For the cgf of x_i^2 - \mathbb{E}[x_i^2], we use the following bound, taken from Appendix B of the following paper:

    \[\log \mathbb{E} \exp\left(t(x_i^2 - \mathbb{E}[x_i^2]) \right) \le \frac{8v^2t^2}{1-2v|t|}.\]

Substituting this result into (12) gives

(13)   \[\xi_{x^\top D x - \mathbb{E}[x^\top Ax]}(t) \le \sum_{i=1}^n \frac{8v^2|A_{ii}|^2t^2}{1-2v|A_{ii}|t} \le \frac{8v^2\|A\|_{\rm F}^2t^2}{1-2v\|A\|t}\quad \text{for $t>0$}. \]
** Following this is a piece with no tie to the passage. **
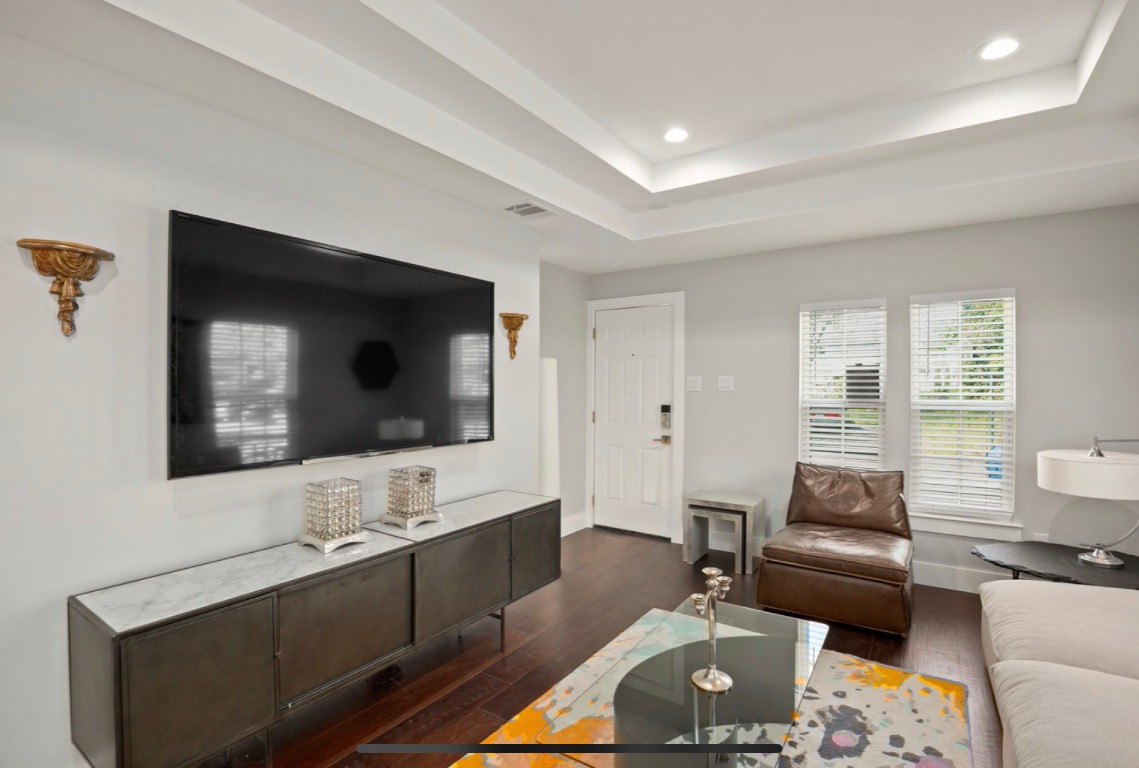 1305 Olander Street Austin, TX 78702 - Photo 4 of 14 a living room with furniture and a flat screen tv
For the second inequality, we used the facts that \max_i |A_{ii}| \le \|A\| and \sum_i |A_{ii}|^2 \le \|A\|_{\rm F}^2.

We now look at the off-diagonal part x^\top F x. We use a version of the decoupling bound (5) where we compare x^\top F x to \tilde{x}^\top A x, where we’ve both replaced one copy of x with an independent copy and reinstated the diagonal of A (see Remark 6.1.3 in Vershynin’s High-Dimensional Probability):

    \[\xi_{x^\top F x}(t) \le \xi_{\tilde{x}^\top Ax}(4t).\]
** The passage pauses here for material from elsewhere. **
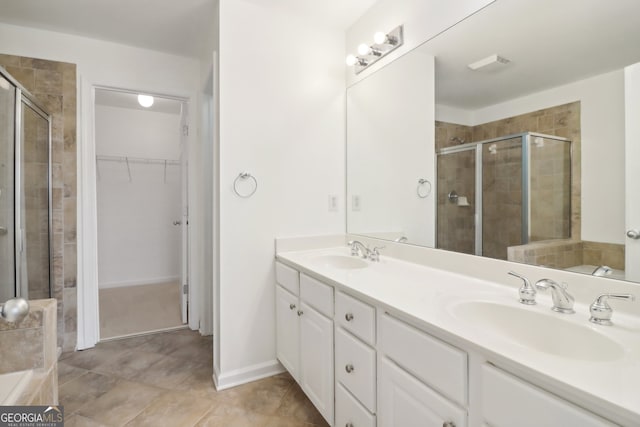 bathroom featuring vanity and a shower with shower door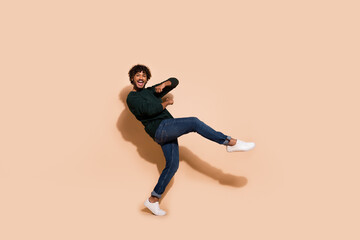 Full size photo of nice young man dancing chilling wear sweater isolated on beige color background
We can now just repeat the rest of the argument for the diagonal-free Hanson–Wright inequality, yielding the same conclusion

(14)   \[ \xi_{x^\top Fx}(t) \le \frac{16v^2\left\|A\right\|_{\rm F}^2\, t^2}{2(1-4v\left\|A\right\|t)}.  \]
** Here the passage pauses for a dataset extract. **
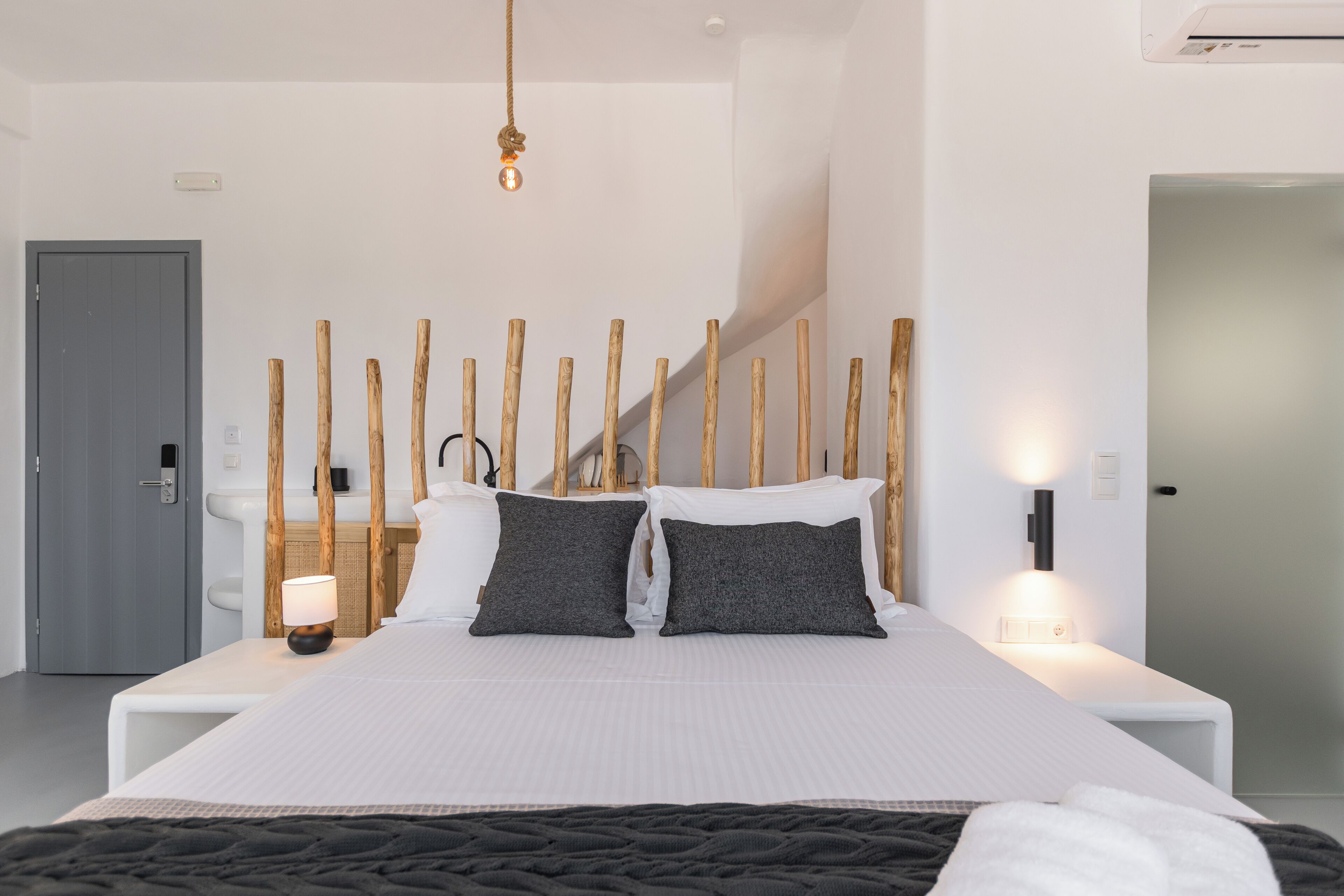 A modern hotel room with a large bed, a wooden headboard, and a view of the staircase.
Combining (11), (13), and (14), we obtain

    \begin{align*}\xi_{x^\top Ax-\mathbb{E} [x^\top A x]} &\le \frac{1}{2} \xi_{x^\top D x - \mathbb{E}[x^\top Ax]}(2t) + \frac{1}{2} \xi_{x^\top Fx}(2t) \\&\le \frac{8v^2\|A\|_{\rm F}^2t^2}{2(1-4v\|A\|t)} + \frac{32v^2\left\|A\right\|_{\rm F}^2\, t^2}{2(1-8v\left|A\right|t)} \\&\le \frac{8v^2\|A\|_{\rm F}^2t^2}{2(1-4v\|A\|t)} + \frac{32v^2\left\|A\right\|_{\rm F}^2\, t^2}{2(1-8v\left\|A\right\|t)} \\&\le \frac{40v^2\left\|A\right\|_{\rm F}^2\, t^2}{2(1-8v\left\|A\right\|t)}.\end{align*}

As with above, this cgf bound implies the desired probability bound.